In the face of these changes to schools, we should not be so quick simply to celebrate personal goods like parental choice, but rather must focus our attention on exploring their political impact on democratic living, and whether they can be reconciled with our identity as Americans and the future of democracy. Also, insofar as our words and actions express our consent to an institution, we must stop to consider what parents, corporate leaders, and education reformers are saying politically when they express dissatisfaction with public schools and chose instead to enroll in or support private schools, for-profit schooling, or other alternatives. As the number of these people and their words and actions grow, the crisis of legitimacy among public schools increases.

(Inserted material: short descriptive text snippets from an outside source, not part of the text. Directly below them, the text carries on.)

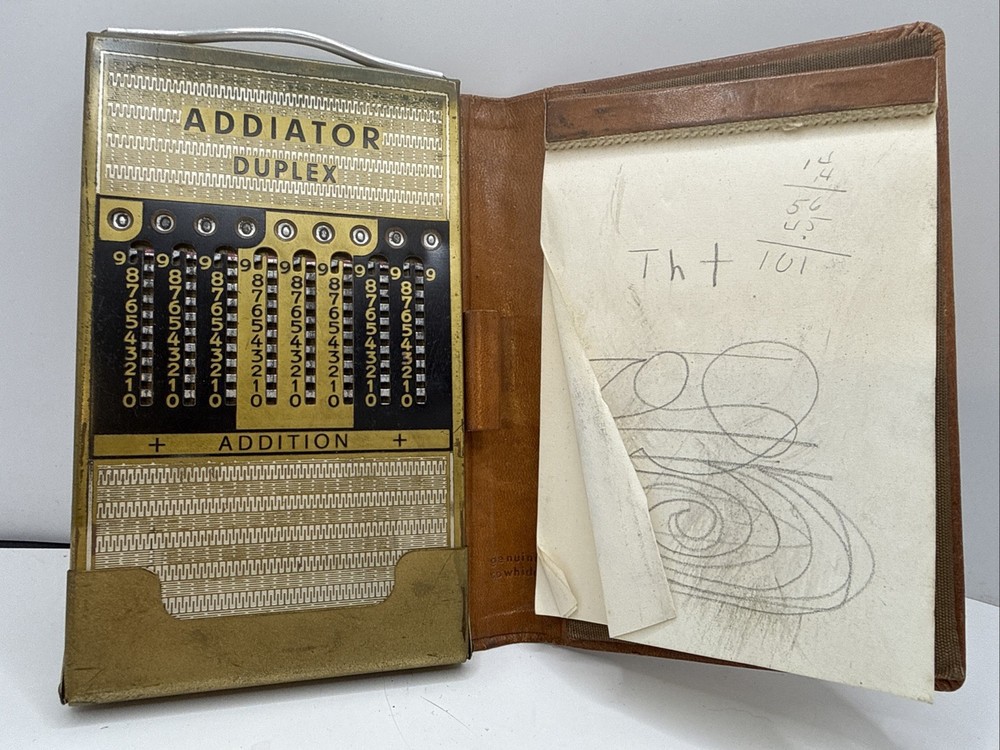 Vtg Addiator Duplex Addition Subtraction Manual Pocket Mechanical Calculator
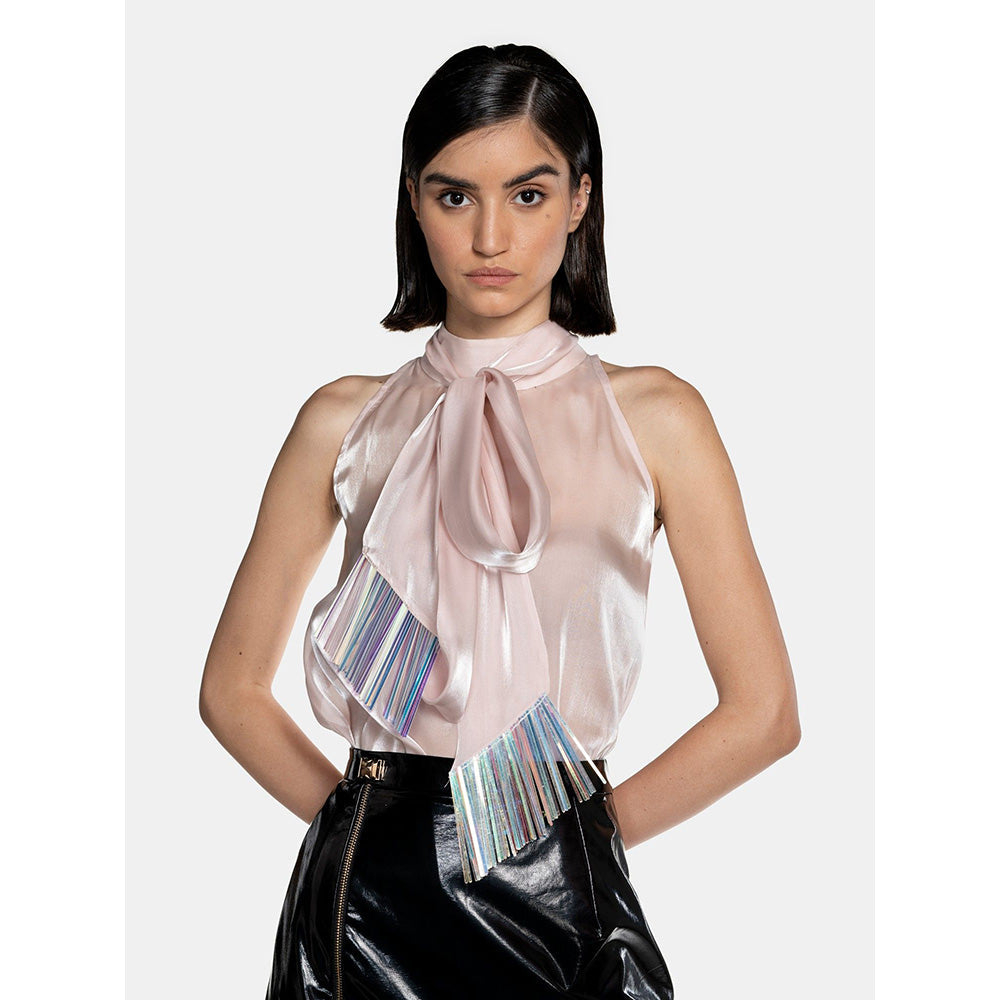 CILVR Women's Pink Fluid Organza Fringe Crop Top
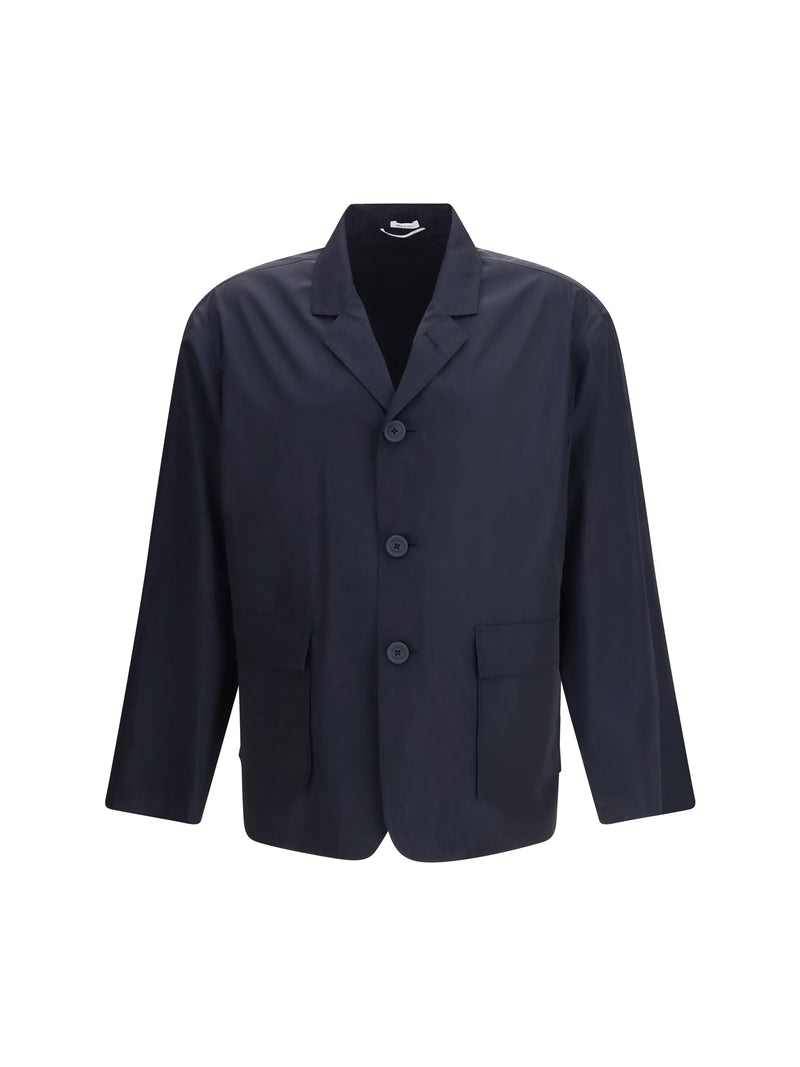 Thom Browne Thom Browne Packable Logo Print Jacket Navy - World Class Fashion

We must stop to engage, interpret, question, and challenge dissenting actions that convey that public schools are no longer seen as legitimate by many citizens and leaders. We should probe the criteria citizens use to reach these conclusions and determine how they relate to schools coming up short of our common goals, the norms of liberal democracy, or of justice. Many parents may leave public schools after trying many of the very approaches to supporting and improving education outlined in this book because they simply aren’t seeing enough response within the time frame needed to serve their children. Recognizing the challenges posed by making what may be a difficult decision for many, we should try to understand their rationale and deliberate about the worthiness of the criteria they employed to make their decisions. And we should discuss how their actions can be interpreted as expressing a lack of political legitimacy, rather than merely personal dissatisfaction.

Finally, we should talk about the ways in which deciding to enroll in some of the alternative approaches to traditional public education that I laid out in chapter three may entail pursuing individual interests to the potential harm of others and supporting schools that fail to uphold basic goals and practices of democracy, thereby putting the future of the citizenry and our democratic way of life at stake. Such difficult conversations help us make more of parents’ decisions to disenroll from public schools. They lead us to deliberate about common values and public goods, thereby embodying important aspects of the process of democracy that may actually help boost disgruntled parents’ faith in democratic public schools and help realign our practices of legitimation.

Taking a more practical look at the criterion of justice in particular may help us understand why some of us have grown frustrated with and withdrawn our support from public schools. Many of us do not possess the sophisticated accounts of justice employed by Rawls and other scholars. Rather, we operate with a sense of what is right and wrong, often with a recognition that the world may never be entirely fair to us. Instead, we seek “enough” or “sufficient” justice within an institution to find it legitimate. We want to see that an institution is fair or just enough, that it meets our benchmarks of acceptability on the continuum between what is right and what is wrong. We tend to weigh this assessment alongside judgments about the quality of the “deal” we are getting through the social contract. If it feels that what we give in exchange for public schools (tax money, time, words of praise, etc.) is a satisfactory exchange, then we are more likely to find the school sufficiently just and politically legitimate. But if the social contract feels inequitable (such as discriminatory or poorly performing schools failing to meet the needs of children in our communities), then we are more likely to express dissatisfaction, deny legitimacy, and sometimes even speak out in protest.22

At the heart of our shared political project is the notion of political legitimacy as something that justifies and validates our institutions, including public schools, thereby enabling democracy to function smoothly. Establishing political legitimacy for our changing schools and for changing responses of citizens to those schools is essential to ensuring that those changes reflect our collective will and the norms of liberal democracy.